Southend Council will only be able to stump up £10million from its own coffers to fund the “world-class” museum submerged into the cliffs, which would fix the landslip at the same time.

The four-storey museum will showcase the Saxon King treasures and also feature a 150-seat auditorium and planetarium, a 200-seat high-quality restaurant with a three-storey 200-space car park below. It is expected to take between five and ten years to build.

Derek Jarvis, Tory councillor for culture, said about £25million would have to be found from alternative sources because the council would only be likely to commit £10million to the scheme.

He said: “We know we will not fund the bulk of the museum from our own resources.
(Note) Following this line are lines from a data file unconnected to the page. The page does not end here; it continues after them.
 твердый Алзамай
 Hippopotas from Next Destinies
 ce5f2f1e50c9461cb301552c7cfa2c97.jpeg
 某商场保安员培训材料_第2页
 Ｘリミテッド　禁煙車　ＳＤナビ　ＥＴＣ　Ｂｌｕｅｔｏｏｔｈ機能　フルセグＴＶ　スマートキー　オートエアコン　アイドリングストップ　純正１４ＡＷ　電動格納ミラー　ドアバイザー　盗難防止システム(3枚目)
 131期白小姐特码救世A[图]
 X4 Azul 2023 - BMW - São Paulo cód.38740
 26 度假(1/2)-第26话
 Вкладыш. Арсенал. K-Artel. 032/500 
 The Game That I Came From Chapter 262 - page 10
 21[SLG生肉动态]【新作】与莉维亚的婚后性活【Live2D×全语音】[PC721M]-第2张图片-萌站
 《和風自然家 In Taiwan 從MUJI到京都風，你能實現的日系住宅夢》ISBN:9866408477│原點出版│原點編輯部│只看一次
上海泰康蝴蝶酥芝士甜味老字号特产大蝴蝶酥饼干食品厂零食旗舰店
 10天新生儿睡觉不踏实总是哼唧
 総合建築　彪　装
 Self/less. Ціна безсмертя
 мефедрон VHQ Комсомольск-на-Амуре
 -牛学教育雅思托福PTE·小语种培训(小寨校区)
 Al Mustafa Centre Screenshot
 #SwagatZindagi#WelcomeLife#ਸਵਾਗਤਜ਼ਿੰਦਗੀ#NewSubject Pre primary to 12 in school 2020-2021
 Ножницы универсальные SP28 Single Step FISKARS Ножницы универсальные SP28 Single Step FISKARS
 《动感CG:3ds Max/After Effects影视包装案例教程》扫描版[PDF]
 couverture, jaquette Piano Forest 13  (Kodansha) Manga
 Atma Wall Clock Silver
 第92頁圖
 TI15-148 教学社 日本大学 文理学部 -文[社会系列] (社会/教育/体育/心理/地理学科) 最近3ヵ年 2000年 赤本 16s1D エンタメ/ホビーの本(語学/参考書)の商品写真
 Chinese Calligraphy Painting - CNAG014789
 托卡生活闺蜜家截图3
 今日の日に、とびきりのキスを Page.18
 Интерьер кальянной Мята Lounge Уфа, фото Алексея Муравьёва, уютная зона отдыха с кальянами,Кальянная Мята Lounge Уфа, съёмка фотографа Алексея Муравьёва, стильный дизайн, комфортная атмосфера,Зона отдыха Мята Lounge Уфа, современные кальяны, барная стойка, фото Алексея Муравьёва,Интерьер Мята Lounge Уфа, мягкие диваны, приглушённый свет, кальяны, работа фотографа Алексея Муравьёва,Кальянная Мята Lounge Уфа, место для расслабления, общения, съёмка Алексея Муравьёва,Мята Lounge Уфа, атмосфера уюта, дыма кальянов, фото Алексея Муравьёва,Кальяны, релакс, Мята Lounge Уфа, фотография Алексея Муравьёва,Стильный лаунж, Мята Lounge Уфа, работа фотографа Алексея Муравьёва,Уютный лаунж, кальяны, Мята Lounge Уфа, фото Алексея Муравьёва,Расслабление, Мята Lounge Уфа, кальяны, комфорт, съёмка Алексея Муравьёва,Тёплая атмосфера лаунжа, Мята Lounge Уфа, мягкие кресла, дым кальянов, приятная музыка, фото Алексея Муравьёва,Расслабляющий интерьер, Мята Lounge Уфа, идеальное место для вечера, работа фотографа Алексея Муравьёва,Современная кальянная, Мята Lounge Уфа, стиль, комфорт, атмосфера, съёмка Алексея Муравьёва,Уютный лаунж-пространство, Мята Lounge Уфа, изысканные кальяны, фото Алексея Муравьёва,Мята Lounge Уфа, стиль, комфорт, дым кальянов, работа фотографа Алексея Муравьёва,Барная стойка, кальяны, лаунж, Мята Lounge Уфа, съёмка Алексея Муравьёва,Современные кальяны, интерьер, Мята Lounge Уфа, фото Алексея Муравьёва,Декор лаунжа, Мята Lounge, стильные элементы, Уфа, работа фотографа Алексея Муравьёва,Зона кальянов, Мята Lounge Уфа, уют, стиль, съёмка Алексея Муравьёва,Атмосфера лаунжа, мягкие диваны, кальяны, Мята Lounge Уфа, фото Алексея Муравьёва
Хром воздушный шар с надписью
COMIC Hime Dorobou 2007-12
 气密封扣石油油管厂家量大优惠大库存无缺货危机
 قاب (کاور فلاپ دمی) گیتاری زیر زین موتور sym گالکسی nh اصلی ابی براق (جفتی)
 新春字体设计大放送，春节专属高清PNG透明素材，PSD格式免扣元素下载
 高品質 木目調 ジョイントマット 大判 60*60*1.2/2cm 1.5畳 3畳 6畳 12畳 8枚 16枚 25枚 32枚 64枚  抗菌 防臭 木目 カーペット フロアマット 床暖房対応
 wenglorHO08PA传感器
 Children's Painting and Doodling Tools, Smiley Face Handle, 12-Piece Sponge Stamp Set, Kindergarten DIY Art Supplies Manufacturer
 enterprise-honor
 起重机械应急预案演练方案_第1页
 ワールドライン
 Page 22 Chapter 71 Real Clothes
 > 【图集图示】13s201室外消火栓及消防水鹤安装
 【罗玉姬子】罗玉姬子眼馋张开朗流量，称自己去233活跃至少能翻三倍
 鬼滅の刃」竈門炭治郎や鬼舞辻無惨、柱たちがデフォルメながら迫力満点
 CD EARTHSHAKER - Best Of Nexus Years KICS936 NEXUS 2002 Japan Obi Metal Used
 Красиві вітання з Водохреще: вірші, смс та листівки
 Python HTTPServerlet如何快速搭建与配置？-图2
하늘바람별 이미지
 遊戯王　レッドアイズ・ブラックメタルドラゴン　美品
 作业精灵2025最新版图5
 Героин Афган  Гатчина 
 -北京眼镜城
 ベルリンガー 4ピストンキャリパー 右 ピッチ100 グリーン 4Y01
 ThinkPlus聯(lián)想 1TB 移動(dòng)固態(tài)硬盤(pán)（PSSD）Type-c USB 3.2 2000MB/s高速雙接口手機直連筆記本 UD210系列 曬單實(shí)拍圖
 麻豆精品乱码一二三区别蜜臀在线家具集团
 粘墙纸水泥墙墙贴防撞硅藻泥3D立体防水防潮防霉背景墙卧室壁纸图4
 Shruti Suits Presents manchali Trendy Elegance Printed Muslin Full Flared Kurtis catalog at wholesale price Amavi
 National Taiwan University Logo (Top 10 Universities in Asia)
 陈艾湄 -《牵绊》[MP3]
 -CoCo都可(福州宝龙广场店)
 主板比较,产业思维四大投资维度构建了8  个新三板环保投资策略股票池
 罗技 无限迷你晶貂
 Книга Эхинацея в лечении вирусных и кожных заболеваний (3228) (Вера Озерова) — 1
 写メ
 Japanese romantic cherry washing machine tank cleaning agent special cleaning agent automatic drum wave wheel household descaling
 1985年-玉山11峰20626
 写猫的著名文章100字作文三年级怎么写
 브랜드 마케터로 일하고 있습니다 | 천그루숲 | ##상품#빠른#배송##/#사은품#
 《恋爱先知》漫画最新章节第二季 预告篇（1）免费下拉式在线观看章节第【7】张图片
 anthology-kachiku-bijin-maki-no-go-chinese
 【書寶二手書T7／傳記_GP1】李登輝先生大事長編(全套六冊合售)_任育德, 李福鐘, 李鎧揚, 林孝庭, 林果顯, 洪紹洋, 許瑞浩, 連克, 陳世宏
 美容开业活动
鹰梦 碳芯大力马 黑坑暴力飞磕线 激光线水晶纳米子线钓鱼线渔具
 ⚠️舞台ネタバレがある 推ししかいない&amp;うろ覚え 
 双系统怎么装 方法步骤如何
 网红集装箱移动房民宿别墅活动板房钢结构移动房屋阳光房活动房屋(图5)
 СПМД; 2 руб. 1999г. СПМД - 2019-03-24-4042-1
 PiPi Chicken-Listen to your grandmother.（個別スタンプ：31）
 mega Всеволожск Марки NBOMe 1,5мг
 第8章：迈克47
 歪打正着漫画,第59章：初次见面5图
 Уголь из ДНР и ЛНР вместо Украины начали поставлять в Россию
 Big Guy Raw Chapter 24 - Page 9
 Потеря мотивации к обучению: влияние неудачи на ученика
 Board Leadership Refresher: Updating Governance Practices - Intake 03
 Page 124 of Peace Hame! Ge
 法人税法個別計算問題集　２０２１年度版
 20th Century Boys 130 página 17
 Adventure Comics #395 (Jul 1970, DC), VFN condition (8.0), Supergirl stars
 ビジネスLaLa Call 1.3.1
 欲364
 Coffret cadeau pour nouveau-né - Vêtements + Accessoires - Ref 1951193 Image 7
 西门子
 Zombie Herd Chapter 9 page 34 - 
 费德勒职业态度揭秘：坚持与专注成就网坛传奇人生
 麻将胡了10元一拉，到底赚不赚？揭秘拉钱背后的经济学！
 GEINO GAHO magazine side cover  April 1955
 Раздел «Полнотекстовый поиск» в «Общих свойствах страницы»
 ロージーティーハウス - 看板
“I wouldn’t like to put a proportion on it, but it would probably be a smaller proportion. It would probably be less than £10million of the total.

“We’ve no fixed idea ultimately about how the funding will come together.

“We’ve got to seek, search and pursue every avenue.

“It could be benefactors, or donations or heritage lottery funding.

“We are dipping in the well and not sure what we will be coming up with.”

But Mr Jarvis and Nick Harris, the council’s head of culture, insist, despite any private investment, the council would keep control of running the new museum.

Mr Jarvis said: “I’m fairly confident we would be managing and running the museum.

“We wouldn’t pursue anything that would put us in a straightjacket.

“The building would be multi-functional, as well as the museum and the collection.

“An aspect of that might lend itself to private investment.”

It is hoped the top floor of the development – featuring the restaurant – could be used throughout the day and into the night, when access to the museum and gallery floors would be closed off.

Architect Andy Titterton, of AEW, said the auditorium and planetarium could be made available for hire for commercial use.

Mr Jarvis mentioned the new Tate St Ives gallery, in Cornwall, and the Sage Gateshead building, in Newcastle, as examples of major developments funded with a mixture of private and public investment.

Tate St Ives gets about a third of its funding from the Government’s Department of Culture, Media and Sport, while the rest is raised from admissions and membership, commercial sponsorship, trusts and foundations.

Mr Jarvis also said the current museum building, in Victoria Avenue, which is Grade II listed, and the Beecroft Gallery could be put to use somehow when they are empty and new museum up and running.

He said: “The current museum and the gallery have a joint market value of between £5million to £6million, estimated in 2008.

“We have no plans to sell them off, but they do have a value which we will use in our funding approach.

“We have no planned use for them at the moment, but the museum building could make an ideal gallery in its own right, for example.”